## TASK DIRECTIONS:
What is needed is a word-for-word copy of the lines below from the one with "Silver pink letter B" through the one with "Cherry And Checkered Print Thong!", both included, with every picture left out.

## DATASET EXTRACT:
☆ ☆ ☆ ☆ ☆
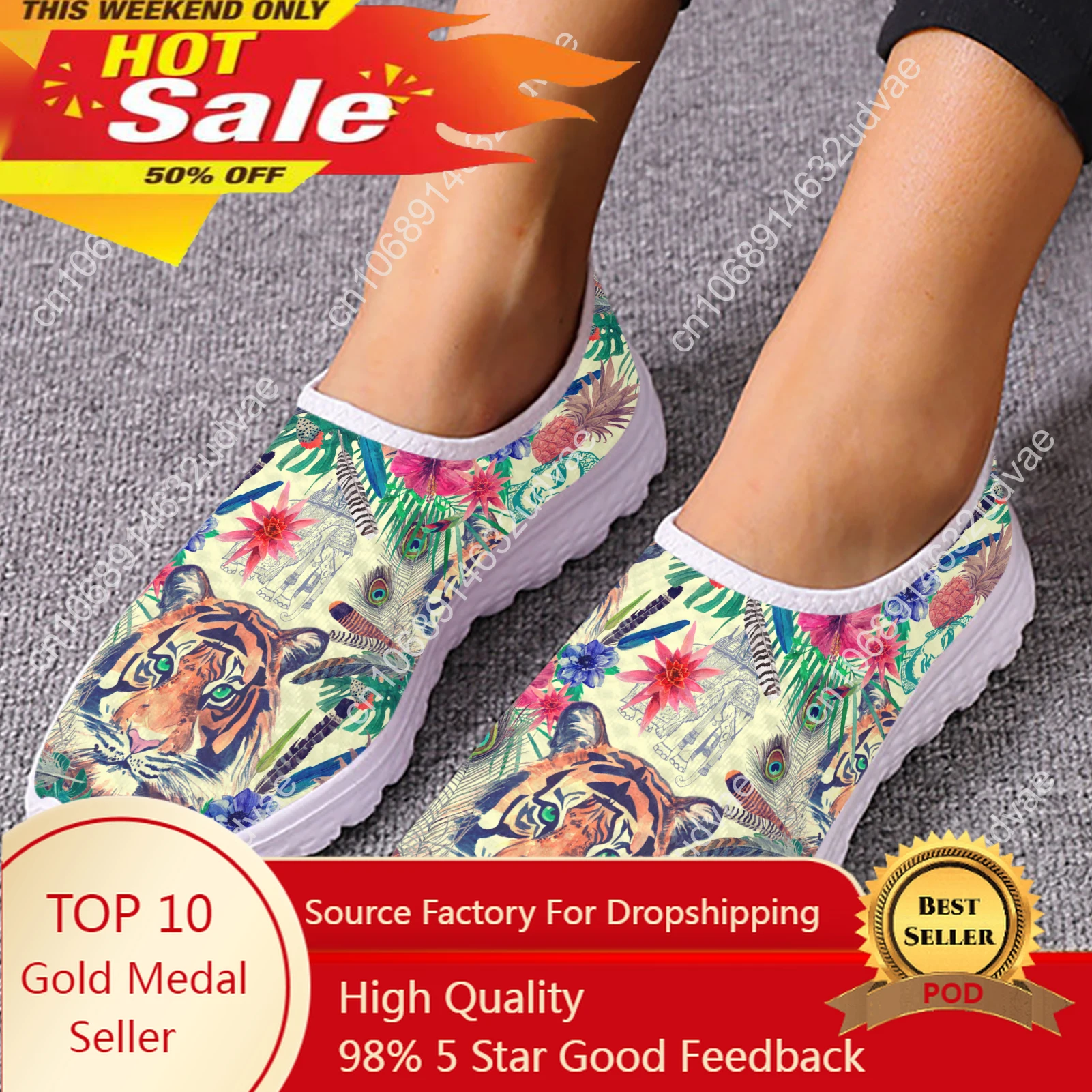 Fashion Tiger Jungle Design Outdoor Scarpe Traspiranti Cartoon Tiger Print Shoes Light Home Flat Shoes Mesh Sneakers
☆ ☆ ☆ ☆ ☆
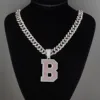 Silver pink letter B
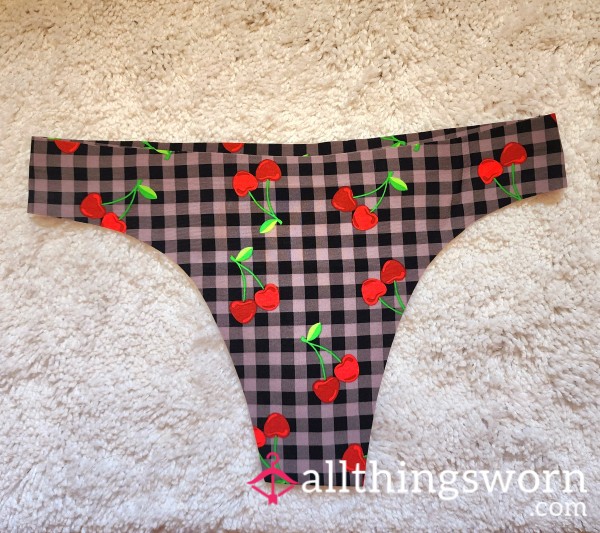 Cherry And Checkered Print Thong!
☆ ☆ ☆ ☆ ☆
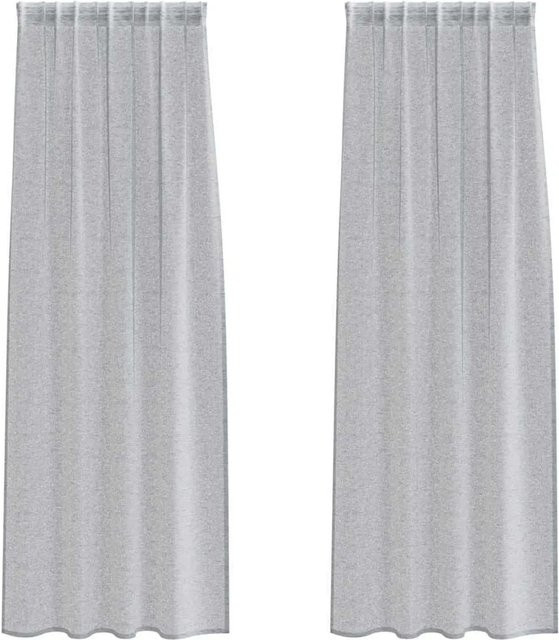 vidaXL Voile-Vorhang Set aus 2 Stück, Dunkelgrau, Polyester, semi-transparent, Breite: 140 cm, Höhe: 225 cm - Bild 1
☆ ☆ ☆ ☆ ☆
## SOLUTION FOR THIS TASK:
 Silver pink letter B
 Cherry And Checkered Print Thong!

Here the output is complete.